In some embodiments, during the remote diagnosis, a three-dimensional (3D) video of the second user may be displayed on a display device of the first user.

As described elsewhere in the present disclosure, the conventional remote medical systems cannot completely simulate all aspects of outpatient service. Compared with the conventional remote medical systems, the remote medical systems and methods of the present disclosure determine the state evaluation information of one or more target body parts of the patient through the first wearable device 110 and the second wearable device 120, and further determine the diagnosis result based on the state evaluation information of one or more target body parts of the patient, which can completely simulate the palpation process, thereby improving the diagnosis and treatment accuracy. In addition, in some embodiments, various types of feedback information (e.g., expression information, motion state information, physiological parameter information, voice information, image information, a strength of the discomfort, text information) can be collected by the first wearable device 110 and sent to the second wearable device 120 so that the second user can learn the actual reaction of the first user more accurately, thereby improving the diagnosis and treatment accuracy.

FIG. 5 is a schematic diagram illustrating an exemplary process 500 for remote diagnosis according to some embodiments of the present disclosure.
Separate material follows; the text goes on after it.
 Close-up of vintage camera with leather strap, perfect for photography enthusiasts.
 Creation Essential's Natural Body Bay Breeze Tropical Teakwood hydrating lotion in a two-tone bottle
As shown in FIG. 5, the first wearable device 110 is worn on a first user 510 to be examined, and the second wearable device 120 is worn on a second user 520 who performs remote diagnosis for the first user 510. The second wearable device 120 may receive a touch operation input by the second user 520 via touching a position of the second wearable device 120. Further, the second wearable device 120 may generate a stimulation instruction to apply a target stimulation (e.g., a press) on the first user 510 based on the touch operation and transmit the stimulation instruction to the first wearable device 110. After the first wearable device 110 receives the stimulation instruction, the first wearable device 110 may determine one or more stimulation parameters relating to the target stimulation based on the stimulation instruction. Then, the first wearable device 110 may apply the target stimulation on a target body part of the first user 510 based on the one or more stimulation parameters. The first wearable device 110 may determine feedback information of the first user 510 with respect to the target stimulation, and send the feedback information to the second wearable device 120. The second wearable device 120 may determine the state evaluation information of the target body part of the first user based on the feedback information.

In some embodiments, the feedback information may include a second touch operation input by the first user via pressing the first wearable device 110. The first wearable device 110 may generate a second stimulation instruction to apply a second target stimulation on the second user 520 based on the second touch operation, and transmit the second stimulation instruction to the second wearable device 120. After the second wearable device 120 receives the second stimulation instruction, the second wearable device 120 may apply the second target stimulation on the second user 520 based on the second stimulation instruction. In such cases, the second user 520 can feel the discomfort of the first user 510 and accurately determine uncomfortable body part of the first user 510 and/or the discomfort degree of the first user 510.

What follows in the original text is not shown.